Orientation programs vary in detail between universities and colleges, but they all have the same intent of giving you the tools and understanding of everyday campus life that you’ll need to be successful. There will be tours of the entire campus and its facilities: libraries, bookstores, computer centers, gymnasiums, cafeterias, etc. There will be special interest sessions that will allow you to meet with academic advisors, counselors, psychological services staff, deans, and more.

If this feels like a lot during these orientation sessions, remember that you aren’t alone. All the other students around you are feeling scared, excited, nervous, and anxious too. Sharing a common experience like international student orientation is a great way to make new friends. Try to enjoy the orientation process; you will get out of your orientation experience exactly what you put into it!

Related: The Best On–Campus Resources for International Students

Prepare for your emotional response

You may already expect to experience some culture shock. Moving to another country and having to adapt to a different culture can be stressful, as the assumptions and values you bring with you from your own culture may not be immediately translated to your new environment. However, while you might feel culture shock in some circumstances, it’s more likely you will experience a variety of different emotions as you adjust to your new life.

Although no one can tell you exactly how you might feel while adapting, just being self-aware during the adjustment process may make your adjustment a little easier. Imagine the process as a journey with signs to mark your progress. Each person’s road will vary, but you’ll meet any number of fellow travelers on the journey headed for the same destination.

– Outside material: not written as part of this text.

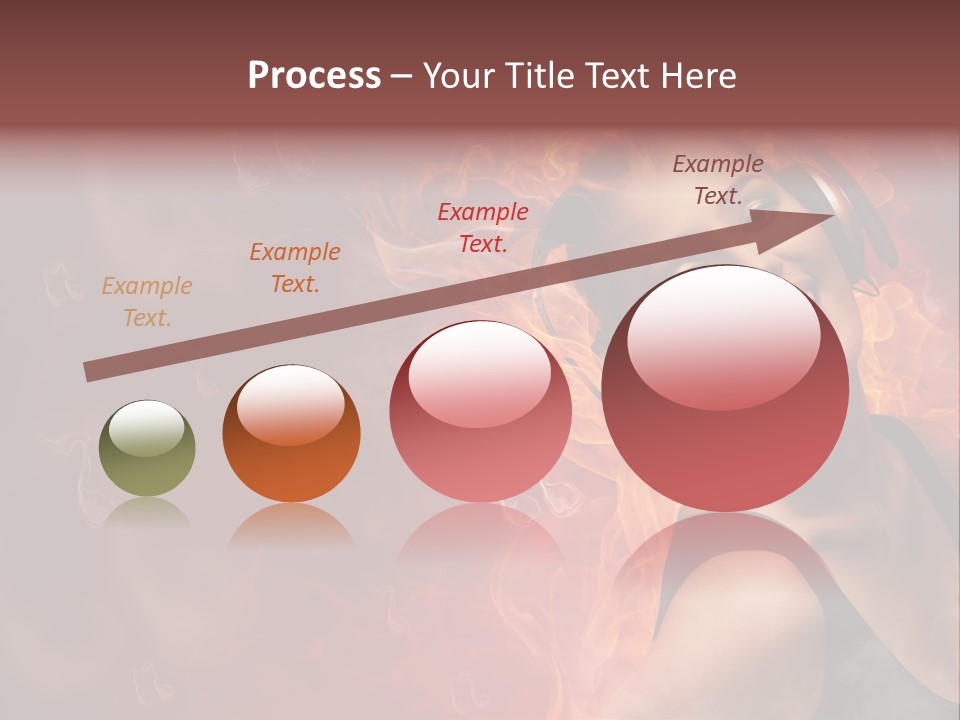 Women People Dark PowerPoint Template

Phase one: New and exciting

When you first arrive, everything will seem like a novelty. The food, clothing, and customs may be unfamiliar, maybe even a little strange, but it won’t matter—you’ll just be taken in by all of the different things to see and do. You’ll likely feel happy and excited at first, as everything around you will be new and positive.

Phase two: The shine wears off

Sooner or later, the reality of everyday life will creep in. You may begin to feel frustrated or homesick. You could develop temporary problems like insomnia from a time change or difficulty adjusting to new foods. These reactions are normal, and these problems will most likely pass in a few weeks. But you may start to believe that everything about home is better than anything about where you are right now! These feelings are coping mechanisms, a response to the many changes in your life. They too will lessen with time.

Step three: Coping skills

Be sure to use the campus resources available to you to rest, refuel, and build self-care skills as you continue on your way. Talk about your feelings with a counselor, your advisor, or other students who have been through this process themselves. Ask for help. In time, you will begin to feel more hopeful and confident that you can live independently in your new situation. When this happens, you’ll know you’ve reached a major turning point in your journey.

Eventually, you’ll achieve a sense of balance, independence, and well-being in your academic and social life. You will find food that you like, activities that you enjoy, and friends to support you and find yourself living comfortably in your new community.

Related: A General Guide to Mental Health Awareness for Students

It is very important that you be kind to yourself when you arrive on campus. Give yourself time to adjust to and succeed in your new environment, but also give yourself the tools to do so. You’re about to embark on a new kind of adventure—a chance to be on your own at last—but it’s an adventure that comes with new responsibilities as well. Your ability to utilize your resources, like an orientation, and adapt to new ones will serve you well during your years on campus. These qualities are the backbone of success in many aspects of life, particularly in your educational experience.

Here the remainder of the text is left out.